Overnight, St. Louis Fed President James Bullard told CNBC that a summer rate hike isn't set in stone, but the labor data is "probably the strongest argument for going ahead."
European stocks again set a positive tone for U.S. stocks, with the German DAX closing 1.5 percent higher. Euro zone finance ministers said they gave Greece a "breakthrough" debt relief deal that won provisional commitment from the International Monetary Fund.
"Yesterday the supposed catalyst was the poll in the U.K. ... Today the talk and chatter is the world economy and the world markets are pricing in and becoming comfortable with a rise in rates, either in June or July," said Peter Coleman, head trader at Convergex. "My personal opinion is it's a trading move because it's a very light volume week with not a lot of news out."
"(You've) got a lot of professional traders pushing the markets up here for a short-term trade," he said.
The Dow Jones industrial average closed about 145 points higher after earlier adding 185 points. Goldman Sachs and IBM contributed the most to gains.
Lance Roberts, chief investment strategist at Clarity Financial, said the technical backdrop for stocks has improved, but "we really need to see some follow-through by the end of the week."
U.S. crude oil futures settled up 94 cents at $49.56 a barrel, its highest since October. Weekly crude inventories from the EIA showed a drawdown of 4.23 million barrels, following the American Petroleum Institute's report of a 5.1 million barrel decline.
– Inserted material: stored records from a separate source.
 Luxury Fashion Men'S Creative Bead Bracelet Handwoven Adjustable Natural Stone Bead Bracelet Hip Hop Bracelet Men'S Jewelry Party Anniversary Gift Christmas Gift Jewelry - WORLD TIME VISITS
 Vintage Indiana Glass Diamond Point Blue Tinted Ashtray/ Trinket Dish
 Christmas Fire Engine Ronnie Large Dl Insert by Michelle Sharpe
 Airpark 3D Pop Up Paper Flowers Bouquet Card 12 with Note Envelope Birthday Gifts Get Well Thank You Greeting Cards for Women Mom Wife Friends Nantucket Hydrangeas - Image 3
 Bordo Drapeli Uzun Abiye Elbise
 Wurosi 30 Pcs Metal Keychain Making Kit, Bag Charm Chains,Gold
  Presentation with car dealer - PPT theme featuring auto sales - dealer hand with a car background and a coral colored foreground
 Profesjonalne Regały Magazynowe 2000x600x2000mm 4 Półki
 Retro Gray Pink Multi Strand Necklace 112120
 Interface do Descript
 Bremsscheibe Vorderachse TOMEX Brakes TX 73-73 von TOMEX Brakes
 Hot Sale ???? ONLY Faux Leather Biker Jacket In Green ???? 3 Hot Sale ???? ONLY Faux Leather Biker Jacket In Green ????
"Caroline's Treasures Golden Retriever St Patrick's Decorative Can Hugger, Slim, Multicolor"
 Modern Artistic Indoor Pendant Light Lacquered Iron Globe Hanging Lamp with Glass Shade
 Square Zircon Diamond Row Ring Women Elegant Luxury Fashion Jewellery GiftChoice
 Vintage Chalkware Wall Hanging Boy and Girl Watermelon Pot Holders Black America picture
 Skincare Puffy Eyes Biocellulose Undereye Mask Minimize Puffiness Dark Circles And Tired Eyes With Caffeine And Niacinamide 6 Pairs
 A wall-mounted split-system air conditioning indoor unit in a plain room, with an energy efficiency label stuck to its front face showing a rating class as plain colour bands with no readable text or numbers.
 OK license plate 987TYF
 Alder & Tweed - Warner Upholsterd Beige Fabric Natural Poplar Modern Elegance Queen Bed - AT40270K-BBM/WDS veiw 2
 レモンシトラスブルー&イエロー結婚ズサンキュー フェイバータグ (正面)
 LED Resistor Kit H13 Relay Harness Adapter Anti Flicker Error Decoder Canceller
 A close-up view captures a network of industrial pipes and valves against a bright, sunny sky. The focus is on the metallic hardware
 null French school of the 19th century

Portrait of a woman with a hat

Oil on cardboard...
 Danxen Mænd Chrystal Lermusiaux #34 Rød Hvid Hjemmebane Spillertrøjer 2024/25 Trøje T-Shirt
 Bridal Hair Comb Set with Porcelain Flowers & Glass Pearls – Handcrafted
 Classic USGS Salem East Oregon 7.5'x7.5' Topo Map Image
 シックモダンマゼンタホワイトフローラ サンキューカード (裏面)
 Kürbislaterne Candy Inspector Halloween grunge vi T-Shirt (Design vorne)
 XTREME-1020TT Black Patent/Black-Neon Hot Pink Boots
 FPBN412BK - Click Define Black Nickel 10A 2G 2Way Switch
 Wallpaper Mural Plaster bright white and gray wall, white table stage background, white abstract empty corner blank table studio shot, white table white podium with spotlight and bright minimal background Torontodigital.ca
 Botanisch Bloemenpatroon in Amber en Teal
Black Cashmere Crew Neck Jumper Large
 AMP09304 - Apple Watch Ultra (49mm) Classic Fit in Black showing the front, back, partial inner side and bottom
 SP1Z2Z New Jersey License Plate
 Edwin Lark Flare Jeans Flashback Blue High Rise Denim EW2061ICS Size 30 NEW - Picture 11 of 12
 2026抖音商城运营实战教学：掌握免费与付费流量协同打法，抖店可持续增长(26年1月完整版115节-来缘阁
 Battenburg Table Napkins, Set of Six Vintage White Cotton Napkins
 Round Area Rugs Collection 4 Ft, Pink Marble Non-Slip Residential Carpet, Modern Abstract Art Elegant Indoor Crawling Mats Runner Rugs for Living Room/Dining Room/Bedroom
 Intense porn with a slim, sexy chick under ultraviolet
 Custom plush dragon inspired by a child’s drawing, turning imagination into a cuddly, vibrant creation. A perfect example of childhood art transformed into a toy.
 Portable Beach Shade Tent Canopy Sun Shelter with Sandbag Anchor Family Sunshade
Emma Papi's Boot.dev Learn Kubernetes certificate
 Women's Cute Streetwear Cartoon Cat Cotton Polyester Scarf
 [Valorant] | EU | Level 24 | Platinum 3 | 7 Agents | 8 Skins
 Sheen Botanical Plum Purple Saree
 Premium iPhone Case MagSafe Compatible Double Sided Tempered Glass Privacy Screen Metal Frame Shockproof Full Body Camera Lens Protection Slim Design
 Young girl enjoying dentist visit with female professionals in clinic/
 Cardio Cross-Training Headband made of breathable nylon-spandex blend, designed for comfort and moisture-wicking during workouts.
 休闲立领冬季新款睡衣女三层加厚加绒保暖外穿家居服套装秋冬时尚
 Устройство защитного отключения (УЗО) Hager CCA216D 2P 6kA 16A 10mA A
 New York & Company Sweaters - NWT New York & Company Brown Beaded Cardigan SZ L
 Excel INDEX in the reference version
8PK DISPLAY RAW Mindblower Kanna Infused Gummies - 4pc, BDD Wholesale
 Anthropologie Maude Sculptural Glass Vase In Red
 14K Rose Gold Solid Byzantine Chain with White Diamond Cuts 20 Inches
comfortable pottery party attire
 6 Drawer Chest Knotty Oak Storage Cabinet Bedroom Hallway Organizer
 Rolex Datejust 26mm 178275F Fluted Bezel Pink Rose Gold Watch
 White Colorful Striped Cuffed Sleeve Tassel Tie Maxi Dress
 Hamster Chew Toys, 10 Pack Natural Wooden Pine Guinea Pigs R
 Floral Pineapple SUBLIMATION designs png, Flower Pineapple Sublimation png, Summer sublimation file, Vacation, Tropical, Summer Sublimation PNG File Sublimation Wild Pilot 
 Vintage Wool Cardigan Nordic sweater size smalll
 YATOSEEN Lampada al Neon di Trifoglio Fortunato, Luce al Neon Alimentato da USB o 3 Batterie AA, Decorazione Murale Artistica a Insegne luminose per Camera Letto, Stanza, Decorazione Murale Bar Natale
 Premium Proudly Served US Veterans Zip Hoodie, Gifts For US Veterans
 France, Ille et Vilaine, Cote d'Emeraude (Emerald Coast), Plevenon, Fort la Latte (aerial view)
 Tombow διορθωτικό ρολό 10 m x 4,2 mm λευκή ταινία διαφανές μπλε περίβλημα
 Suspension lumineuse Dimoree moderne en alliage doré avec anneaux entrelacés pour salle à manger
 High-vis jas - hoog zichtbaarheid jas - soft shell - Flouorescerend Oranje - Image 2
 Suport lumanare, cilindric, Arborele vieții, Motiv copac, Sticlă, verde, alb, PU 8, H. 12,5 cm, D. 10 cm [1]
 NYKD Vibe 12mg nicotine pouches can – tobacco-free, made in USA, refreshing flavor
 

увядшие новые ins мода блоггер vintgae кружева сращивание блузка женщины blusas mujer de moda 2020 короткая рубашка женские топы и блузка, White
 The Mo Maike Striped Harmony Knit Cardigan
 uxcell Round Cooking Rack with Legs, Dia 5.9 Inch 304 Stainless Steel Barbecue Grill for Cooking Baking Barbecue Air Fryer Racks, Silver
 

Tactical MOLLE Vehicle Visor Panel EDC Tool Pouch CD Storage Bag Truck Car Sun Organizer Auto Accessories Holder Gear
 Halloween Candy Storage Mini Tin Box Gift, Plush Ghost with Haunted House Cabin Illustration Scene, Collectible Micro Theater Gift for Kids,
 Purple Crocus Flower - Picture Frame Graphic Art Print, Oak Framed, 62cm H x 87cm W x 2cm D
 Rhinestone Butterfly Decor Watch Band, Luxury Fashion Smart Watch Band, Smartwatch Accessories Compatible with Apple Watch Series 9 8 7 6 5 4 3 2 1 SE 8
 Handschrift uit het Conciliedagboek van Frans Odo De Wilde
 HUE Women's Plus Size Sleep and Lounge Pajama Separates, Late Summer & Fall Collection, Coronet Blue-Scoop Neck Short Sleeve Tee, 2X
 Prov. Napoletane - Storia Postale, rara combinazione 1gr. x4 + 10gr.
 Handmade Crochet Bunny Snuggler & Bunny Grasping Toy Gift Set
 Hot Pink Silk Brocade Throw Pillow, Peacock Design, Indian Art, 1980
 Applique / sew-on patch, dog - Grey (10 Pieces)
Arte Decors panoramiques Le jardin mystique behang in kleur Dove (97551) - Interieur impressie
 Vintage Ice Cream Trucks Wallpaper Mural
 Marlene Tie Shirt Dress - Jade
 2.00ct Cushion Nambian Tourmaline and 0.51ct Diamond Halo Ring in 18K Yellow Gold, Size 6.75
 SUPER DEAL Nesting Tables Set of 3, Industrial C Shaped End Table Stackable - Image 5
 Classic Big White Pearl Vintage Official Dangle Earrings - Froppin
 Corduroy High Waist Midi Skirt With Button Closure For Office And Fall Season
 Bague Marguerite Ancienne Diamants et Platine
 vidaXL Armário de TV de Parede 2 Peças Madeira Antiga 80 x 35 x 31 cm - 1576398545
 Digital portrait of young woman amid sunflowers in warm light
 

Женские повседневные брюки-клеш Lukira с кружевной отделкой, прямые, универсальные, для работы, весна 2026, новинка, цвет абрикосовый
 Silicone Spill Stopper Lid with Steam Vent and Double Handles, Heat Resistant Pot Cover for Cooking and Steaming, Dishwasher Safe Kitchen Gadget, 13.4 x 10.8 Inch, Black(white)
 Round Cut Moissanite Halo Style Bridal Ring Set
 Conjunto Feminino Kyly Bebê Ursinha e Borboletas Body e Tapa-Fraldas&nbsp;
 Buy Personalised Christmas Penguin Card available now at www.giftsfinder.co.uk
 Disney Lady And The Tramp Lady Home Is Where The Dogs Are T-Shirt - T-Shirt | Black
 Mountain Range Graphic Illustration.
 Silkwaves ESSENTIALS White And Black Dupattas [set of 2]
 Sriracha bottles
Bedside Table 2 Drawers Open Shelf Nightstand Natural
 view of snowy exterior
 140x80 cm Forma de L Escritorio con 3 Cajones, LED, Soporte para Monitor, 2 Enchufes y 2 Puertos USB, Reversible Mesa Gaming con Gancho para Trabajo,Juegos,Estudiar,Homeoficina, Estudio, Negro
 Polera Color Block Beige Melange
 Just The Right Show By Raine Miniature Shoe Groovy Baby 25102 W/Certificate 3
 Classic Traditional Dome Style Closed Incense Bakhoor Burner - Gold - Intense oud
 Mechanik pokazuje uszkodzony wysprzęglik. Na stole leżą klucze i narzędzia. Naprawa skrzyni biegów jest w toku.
WTI last traded above $50 a barrel in mid-October.
"At the margin if you can get a few bits of good news you can get people to stop abandoning stocks," said Bruce McCain, chief investment strategist at Key Private Bank.
In economic news, the Markit Flash U.S. services PMI for May was 51.2, down from 52.8 in April and well below the long-run survey average of 55.6, Markit said.
Treasury yields were little changed, with the 2-year yield near 0.90 percent and the 10-year yield around 1.87 percent. Earlier, the 2-year yield touch 0.938 percent, its highest since mid-March.
The Treasury auctioned $34 billion in 5-year notes at a high yield of 1.395 percent.
The U.S. dollar index was mildly lower, with the euro near $1.115 and the yen near 110.2 yen against the greenback. Pound sterling hit $1.4728, its highest level since May 3.
Oil's gains and indications of a decreasing probability of the U.K. leaving the European Union were "what drove the sentiment change between yesterday and today," said Andres Jaime, global FX and rates strategist at Barclays.